On était à la scène du cinquième acte, où l’amant de Marie vient demander sa main.

— Oui, fit Hervart, en répondant à une question de son futur beau-père, c’est le mariage à la fin du drame.

— Cela finit toujours ainsi.

— La règle n’est pas générale cependant, fit tranquillement Hervart ; on pourrait signaler quelques exceptions.
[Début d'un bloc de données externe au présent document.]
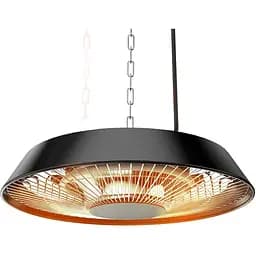 Інфрачервоний обігрівач Neo Tools стельовий 1500 Вт, Чорний (90-037)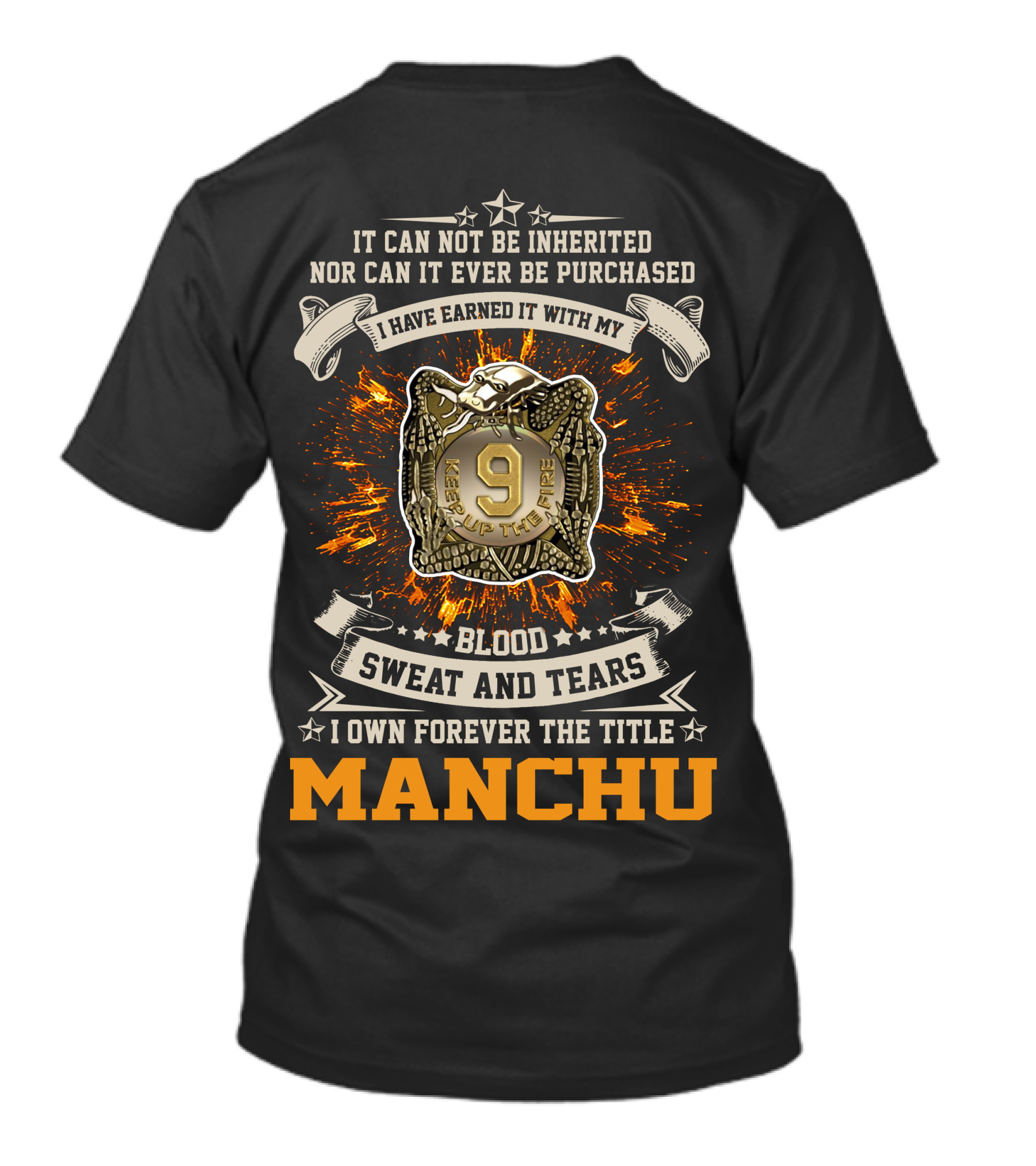 9Th Infantry Regiment Manchu Blood Sweat And Tears T-Shirt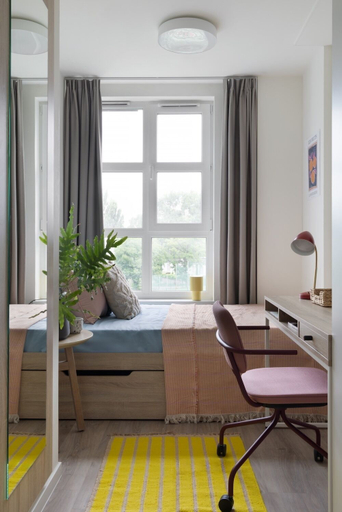 Bedroom 3, MILESTONE Krakow Center Student Living by Tribera, Kraków City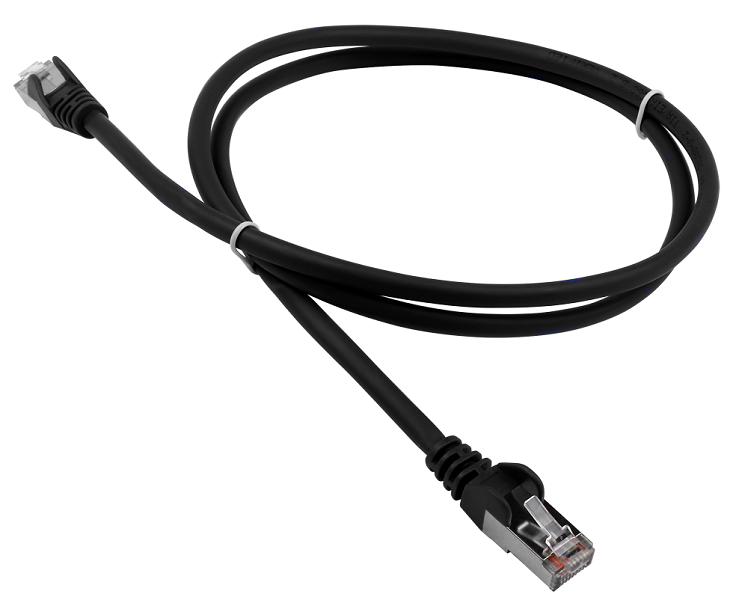 Кабель Патч-корд Lanmaster LAN-PC45/S5E-2.0-BK вилка RJ-45-вилка RJ-45 кат.5е 2м чёрный LSZH (уп.:1шт)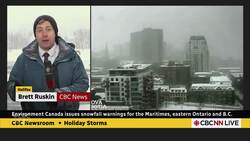 Environment Canada issues snowfall warnings for the Maritimes, eastern Ontario and B.C. | NEW News Clip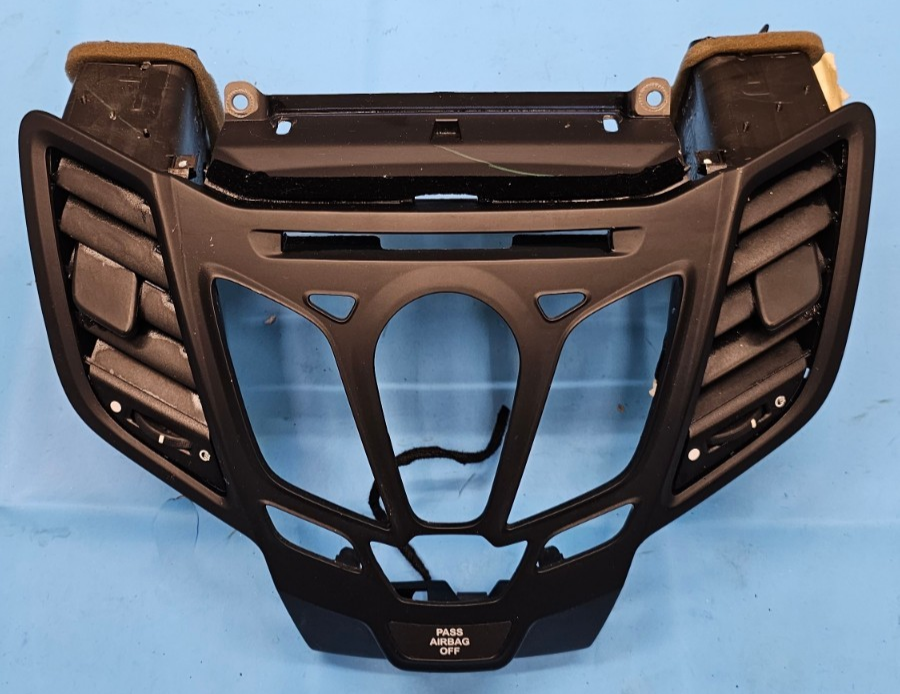 🔥12-14 FORD FOCUS CENTER DASH RADIO DISPLAY PANEL SURROUND BEZEL TRIM BLACK OEM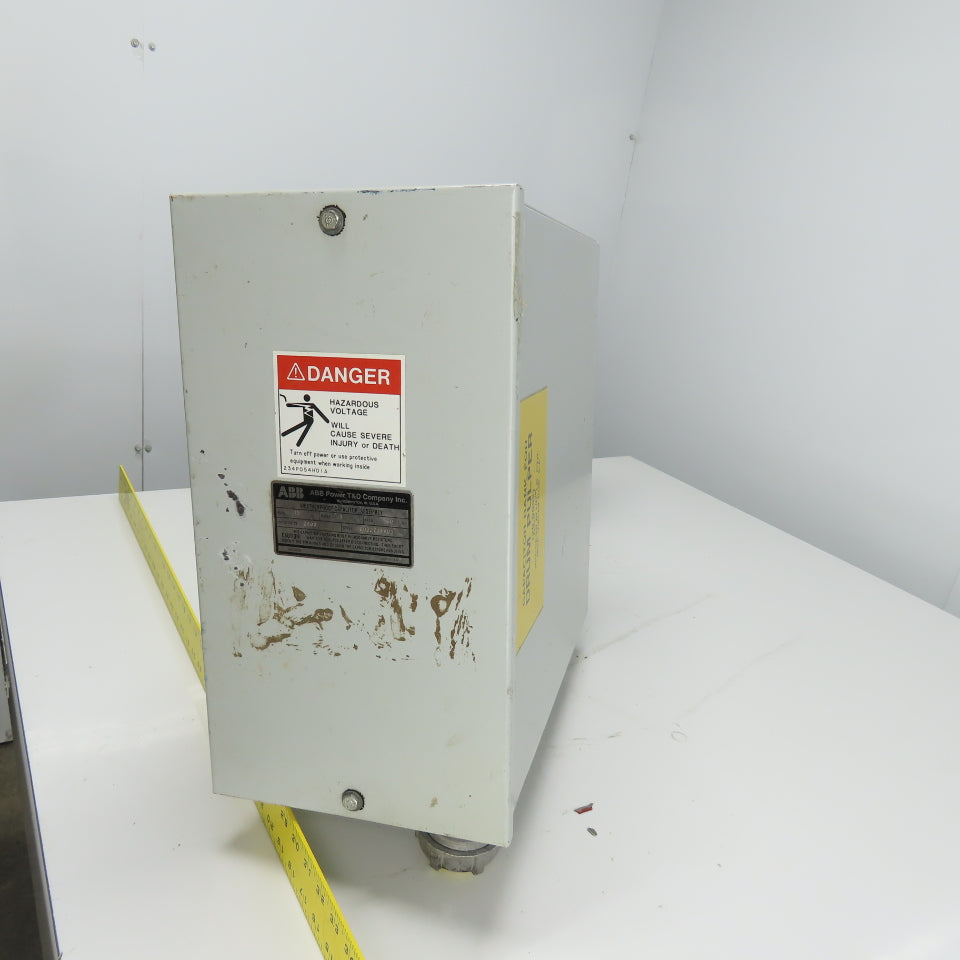 ABB 6002C14A05 75KVAR Waterproof Capacitor Assembly 3Ph Rated 2400V 60Hz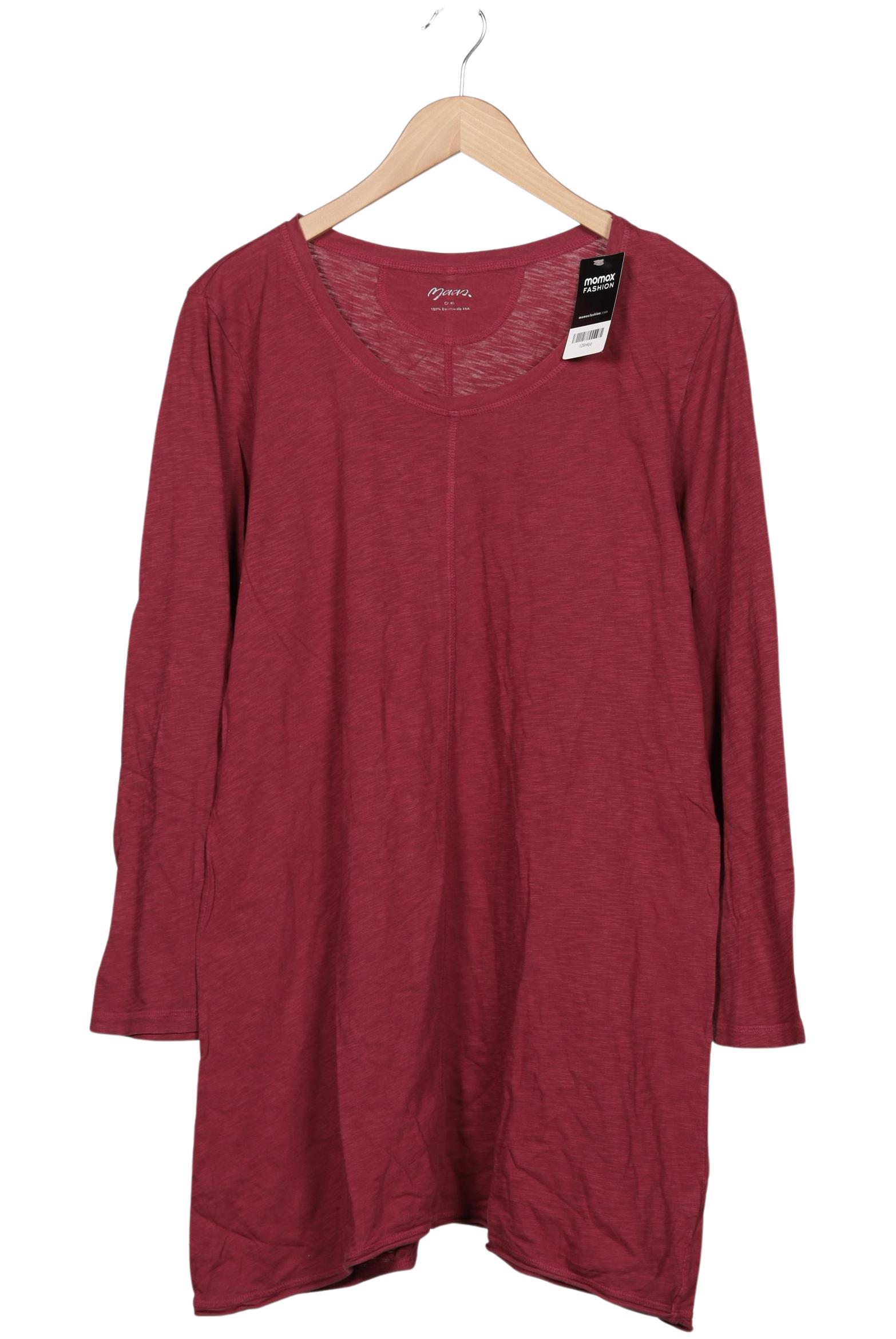 

Maas Damen Langarmshirt, bordeaux, Gr. 46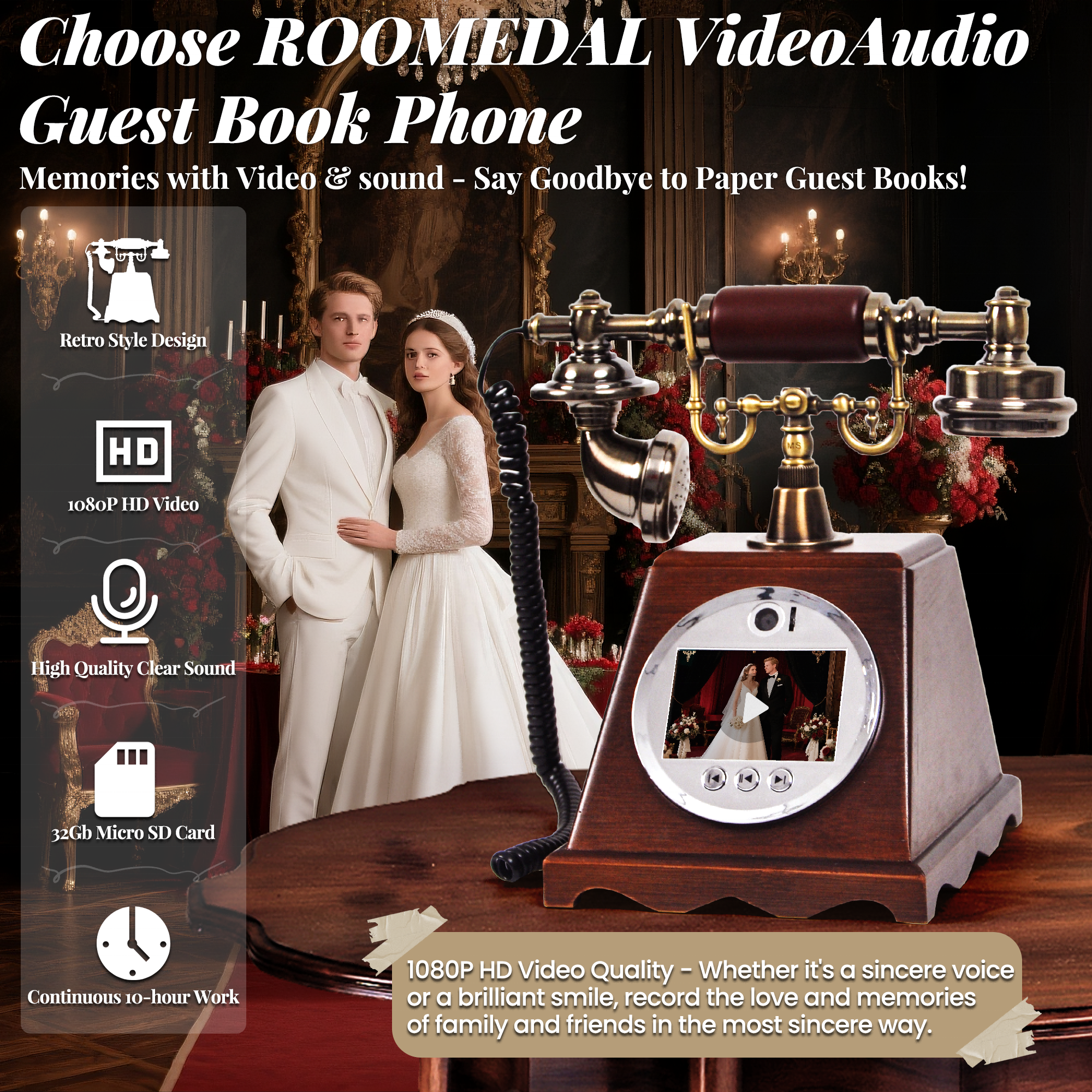 New Arrival Walnut Antique Tel - Photo Booth Machine recensie en prijs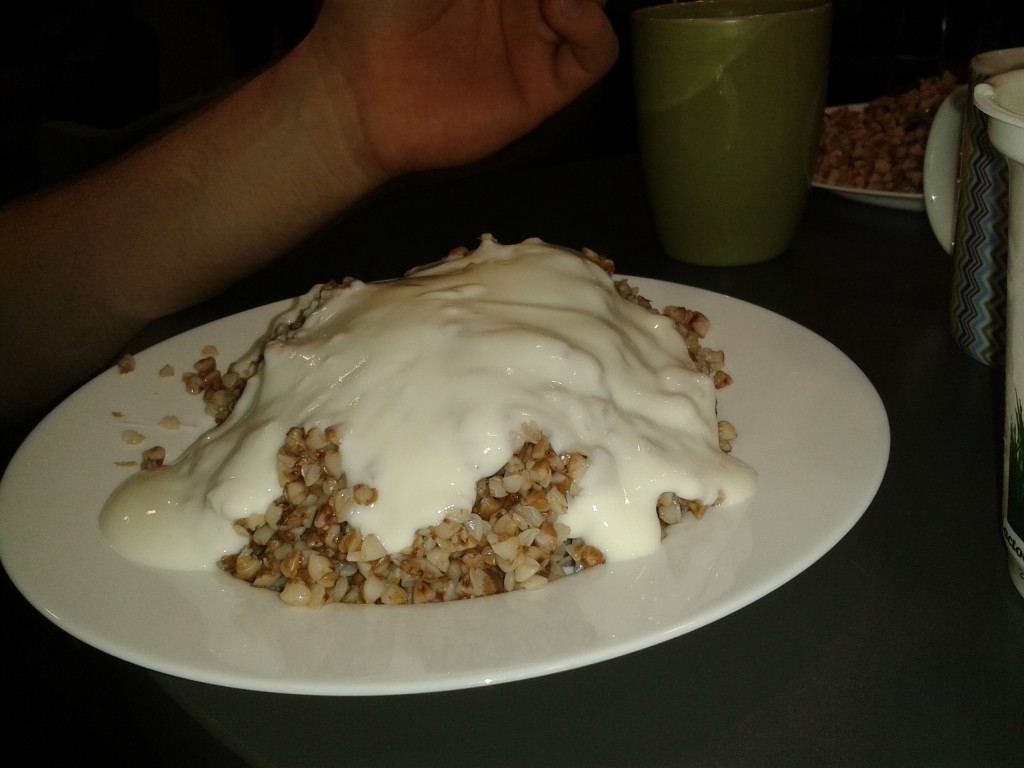 buckwheat porridge with yogurt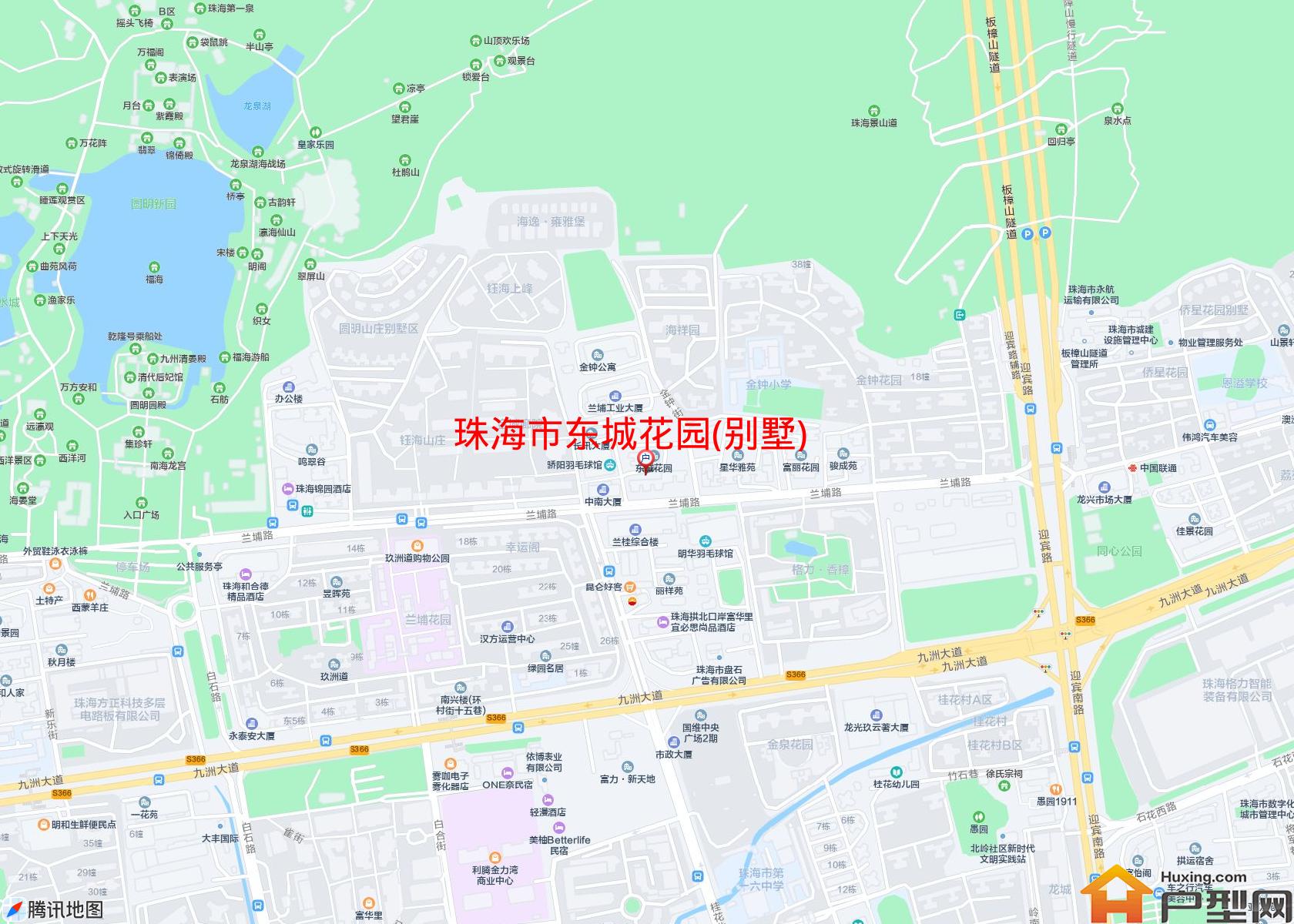 东城花园(别墅)小区 - 户型网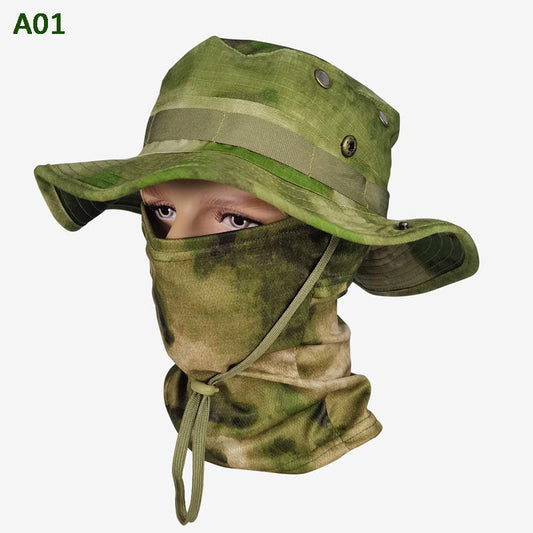 🧢 LIMITED-TIME 50% OFF! 🎣 2-in-1 Camouflage Fishing Hat & Neck Mask – UPF 50+, Adjustable, Bug & Sun Shield ✨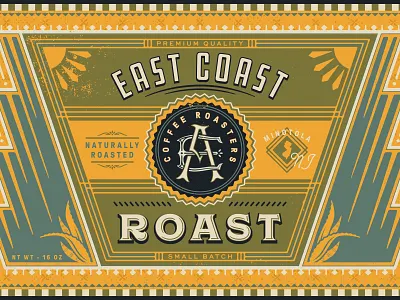 Vintage Coffee Planter II branding coffee label design lockup monogram packaging planter product design succulents vintage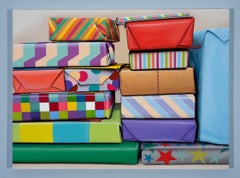 Presents Stack: Photorealistic Painting by Ian Robinson
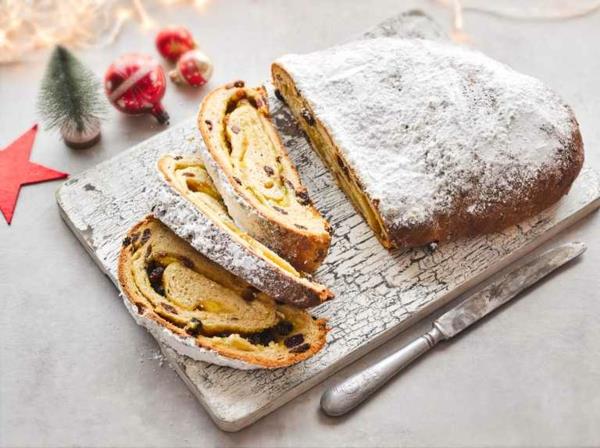 Stollen de pâtisserie pour Noël Recette de stollen de Noël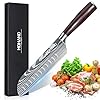 MDHAND-7-Santoku-Knife--Ultra-Sharp-Japanese-Chef-Knife-Forged-High-Carbon-German-Stainless-Steel-Chopping-Knife-with-Ergonomic-Pakkawood-Handle-Design-Gifts-for-Women-and-Men MDHAND 7" Santoku Knife - Ultra Sharp Japanese Chef Knife - Forged High Carbon German Stainless Steel Chopping Knife with Ergonomic Pakkawood Handle Design, Gifts for Women and Men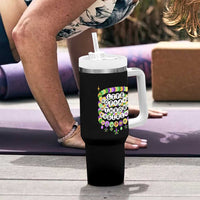 Funny Mardi Gras Throw Girl Life Tumbler With Handle Friendship Bracelet Beads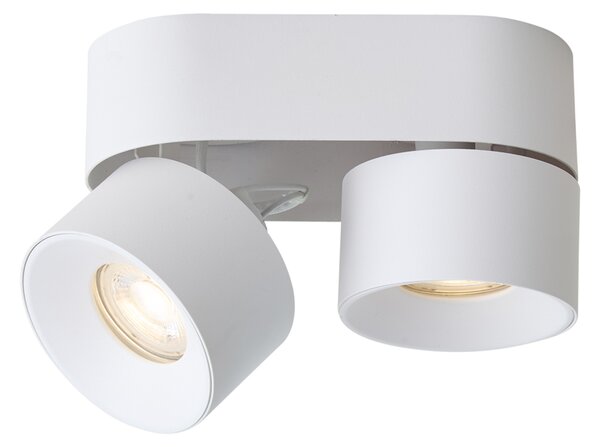 Modern mennyezeti spotlámpa fehér GU10 50mm 2-fényforrású dönthető - Echo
Quoique ce dernier eût prononcé ces mots bien innocemment, M. Darcy tressaillit, mais il se remit très vite et ajouta : « Cette petite Marie a bien mérité son bonheur car elle a essuyé beaucoup de traverses. » Cela me fait songer, fit Hervart, à une femme que j’ai connue et qui a été plus persécutée que Marie dans cette pièce.

— Et a-t-elle succombé ?

— Non, monsieur.

— Demeure-t-elle à Montréal ?

— Elle est morte.

— Vous dites qu’elle est morte ? Alors, moi aussi, je l’ai connue.

Si Hervart eût porté plus d’attention alors à M. Darcy, il aurait remarqué un léger tremblement dans sa voix, mais il se contenta de répondre : « Je ne le crois pas. »

Et ses yeux se tournèrent de nouveau vers la bague que M. Darcy avait à la main. Celui-ci s’en aperçut et parvint à la dérober à la vue du jeune homme.

Le rideau tomba sur le cinquième acte.